There was a lot to love about these guys even before they became the nation’s sentimental favorite. A quarter-century later, I think I know why: Aside from a small handful of starters, these guys reminded me of my friends from pickup hoops – a bunch of mismatched, unathletic dorks who, once in a while, kept it together long enough to stay on the court.
The Swede, Stumer, looked like a stork. He could shoot the rock like many European players, but unlike other soft Euros, he was known for gritty hustle plays and blue collar defense – they called him “The Human Bruise.” Fryer, who was the third leading scorer at 23 ppg, was a local South Bay kid who learned to account for the ocean breeze on his rain-making jump shots. Bench enforcer Tom Peabody was simply a goofy white dude whose name was “Tom Peabody.”

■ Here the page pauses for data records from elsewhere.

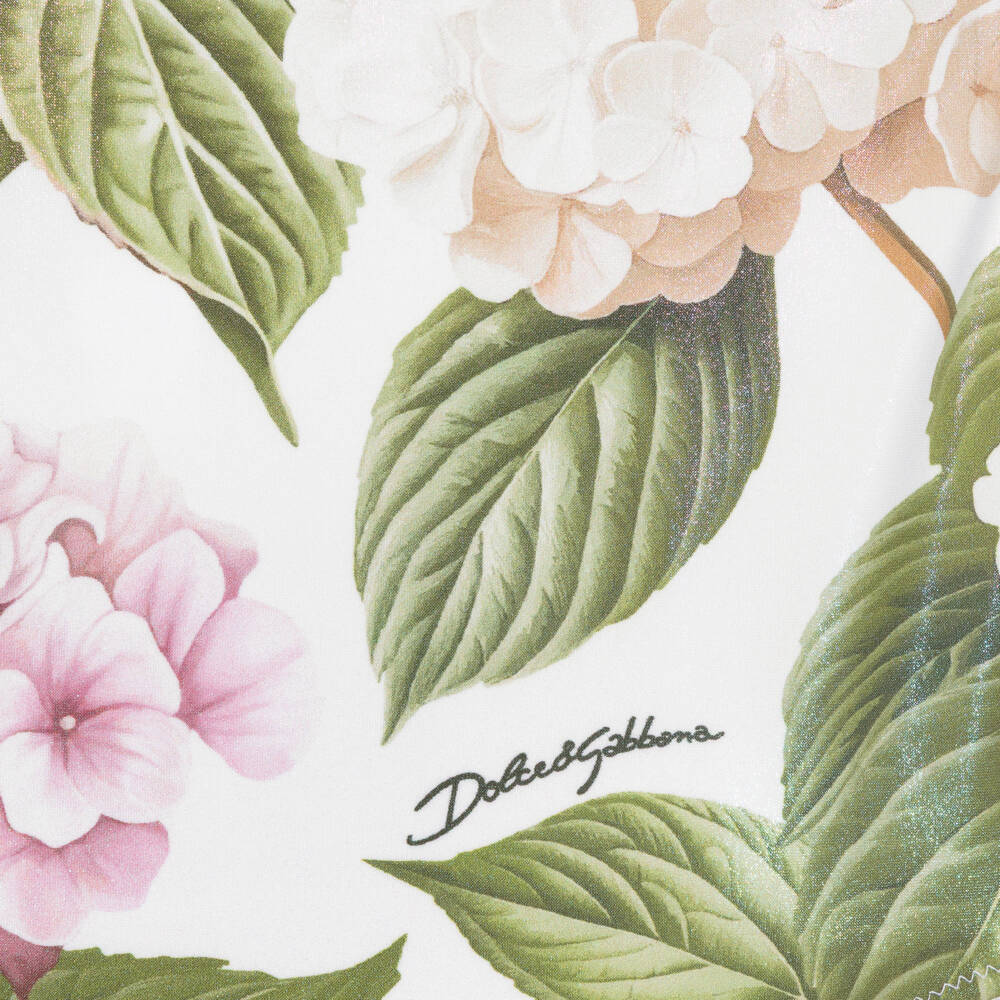 Dolce & Gabbana-Girls White & Pink Hydrangea Print Swimsuit | Childrensalon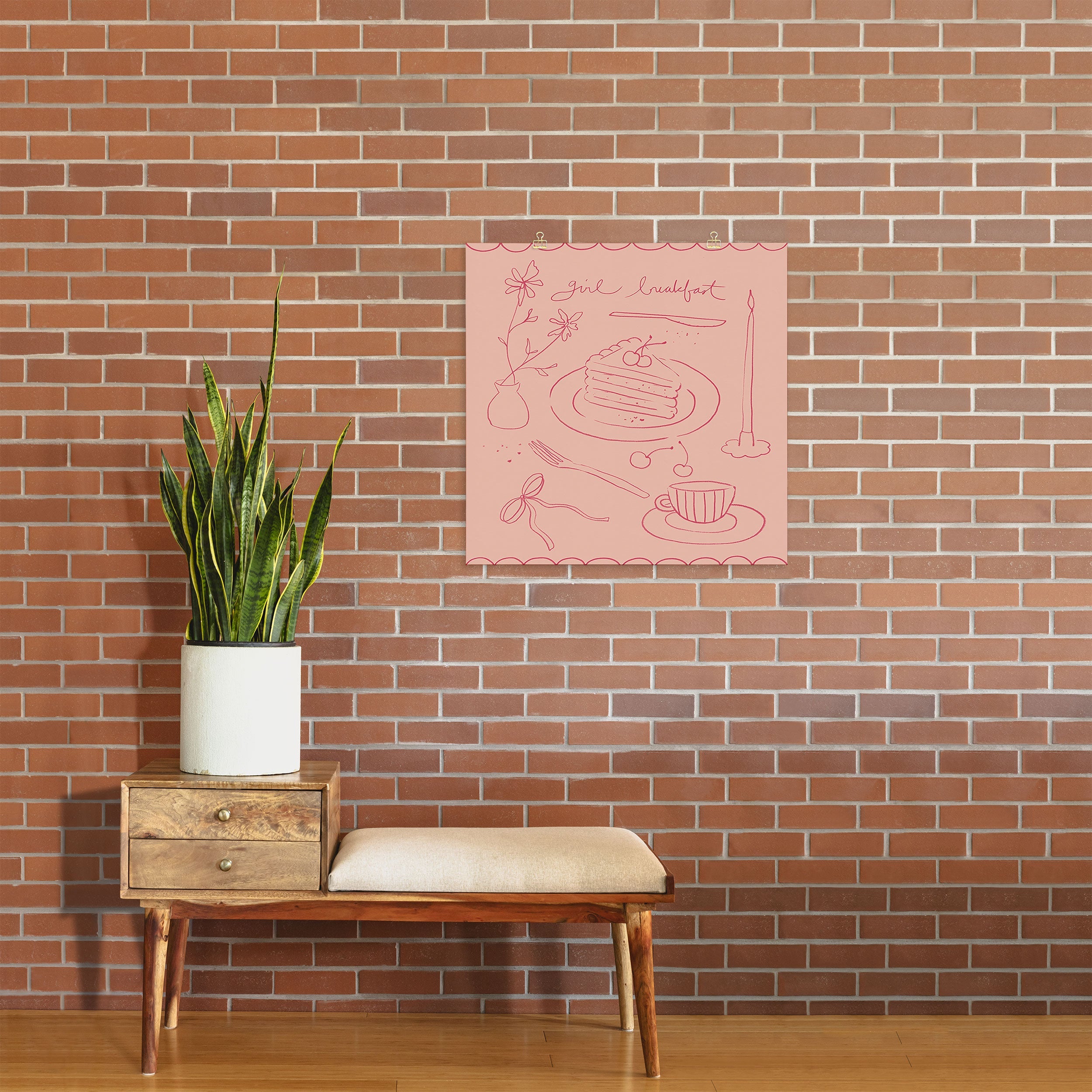 DENY Designs girl breakfast Art Print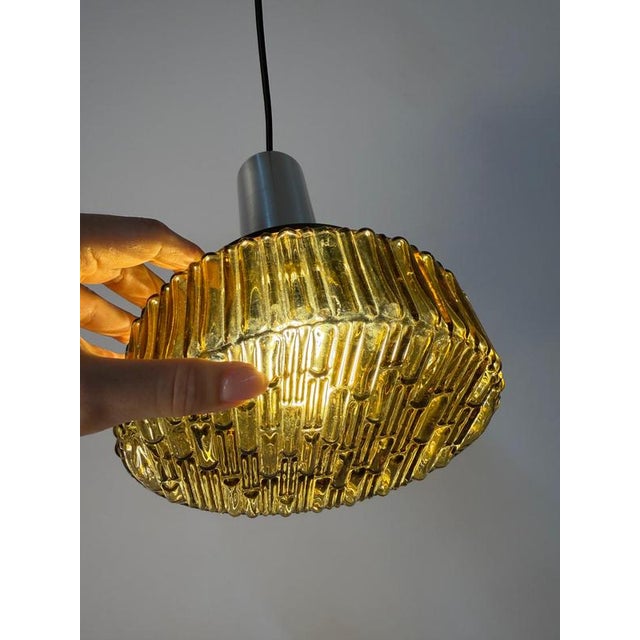 Hanging Lamp in Brown Glass and Metal For Sale - Image 9 of 11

Right-handed Kimble’s tribute to Gathers during the tournament was a left-handed shot for his first free throw attempt of the game – a nod to his southpaw friend. He made three of four during the tourney, blowing the roof off arenas, as LMU fans and bandwagoners cheered them on toward big wins over New Mexico State, defending national champion Michigan and a nail-biter over Alabama. As LMU powered toward a West Regional Final against No. 1-seeded UNLV, I mimicked Fryer’s high-arcing jump shot while playing pickup ball and, apparently inpired by Stumer, occasionally watched pickup teammates dive for loose balls while my skin remained conspicuously asphalt free.

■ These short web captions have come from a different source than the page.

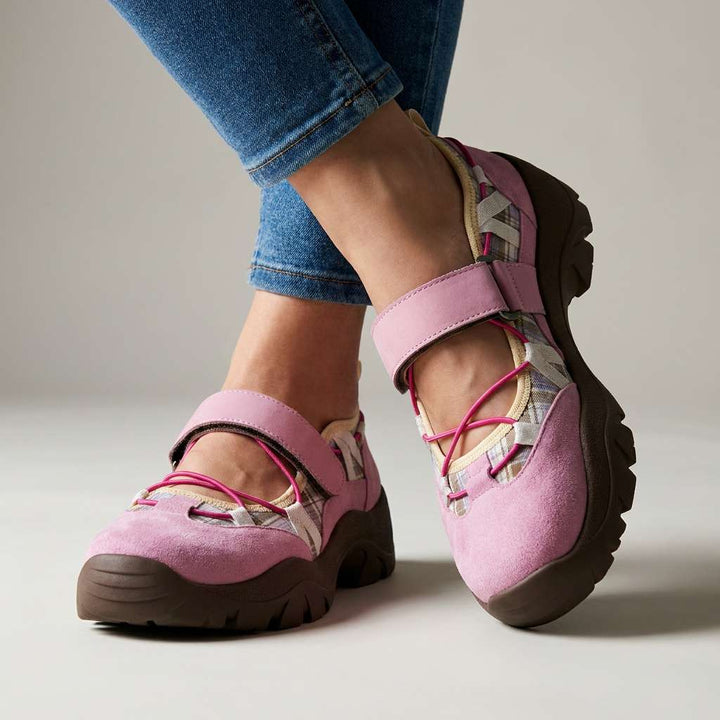 Mauve pink suede ComfortWalk loafers with magenta laces and side heel strap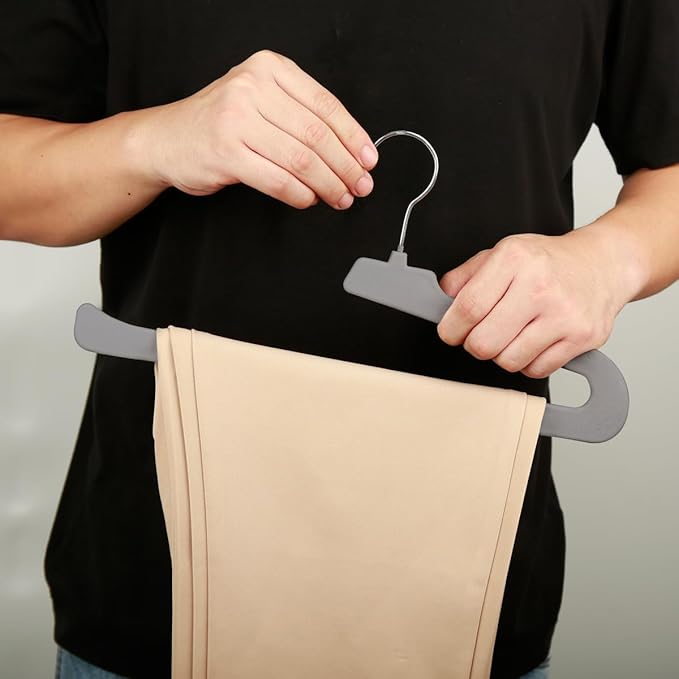 Velvet Pants Hangers,8 Pack Non Slip Felt Slack/Trouser HangersSlim & Sleek Heavy Duty Space Saving Closet Hanger with 360° Swivel Hook,Tank Top Hangers for Shorts,Jeans,Suit Pants,Towel(Gray)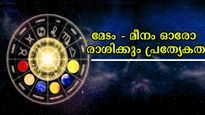 മേടം, ഇടവം, മിഥുനം...... മീനം ഓരോ രാശിക്കാര്‍ക്കും ഓരോ പ്രത്യേകതകള്‍, നിങ്ങളുടേത് എങ്ങനെ?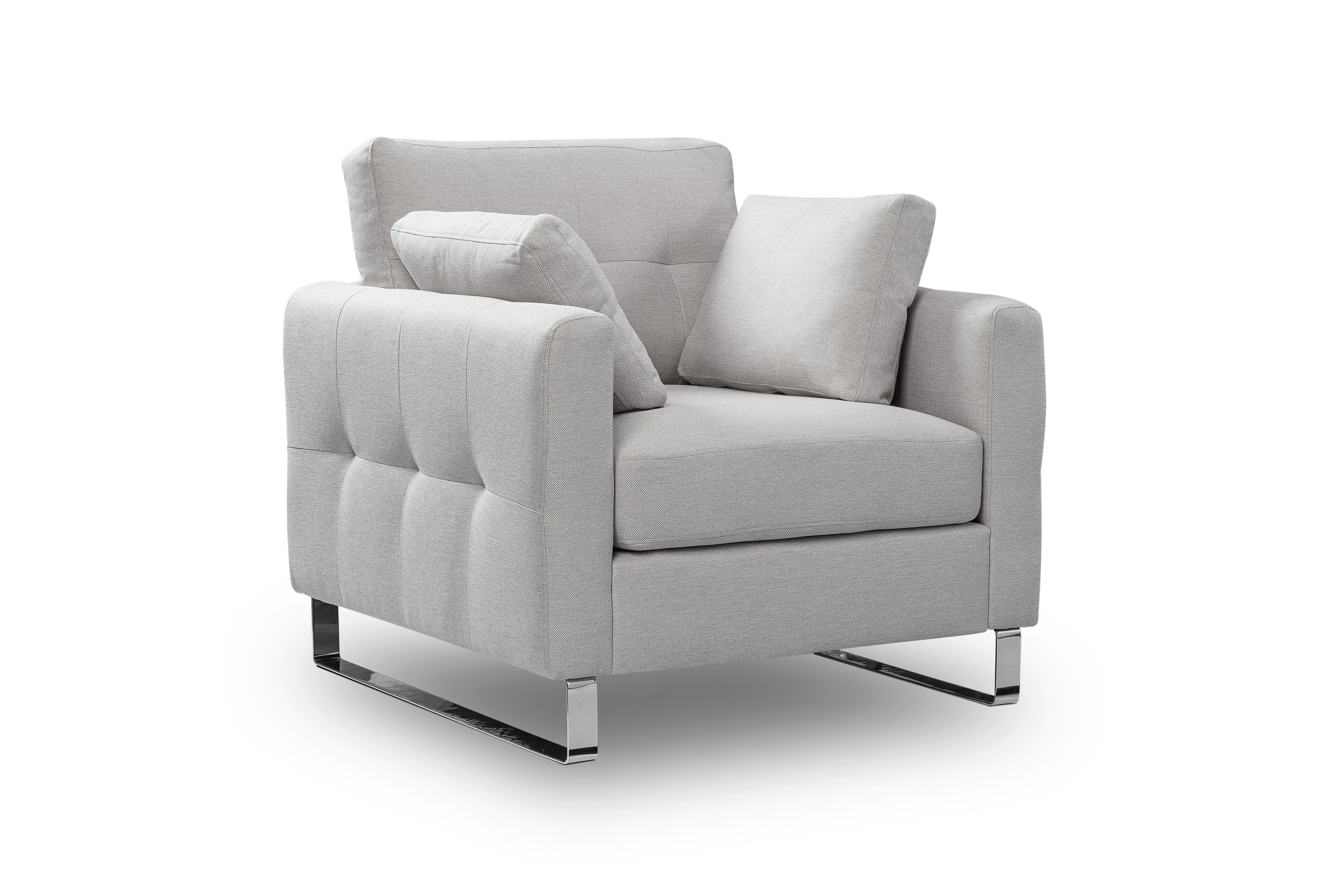 1,5-Sitzer-Sofa Hera Hellgrau - Chromfarben/Hellgrau, Basics, Holz/Textil (93/92cm) - MID.YOU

Nothing was going to prevent UNLV from winning the national title that year, certainly not a pickup hoops team from suburban L.A. The Runnin’ Rebels had three future NBA starters on that team (Stacey Augmon, Greg Anthony and Larry Johnson), a deep bench and dominant athletes who smothered the Lions. The final score was 131-101, and the game ended with the brash UNLV bench giving an exhausted Kimble a standing ovation as he walked off the court for the final time in an LMU uniform.
This is my favorite time of year, but I doubt any tournament will feature a Cinderella run like LMU’s 25 years ago. Do Hank a solid by shooting lefty at the free throw line. Pull up an extra TV this Thursday and enjoy the show.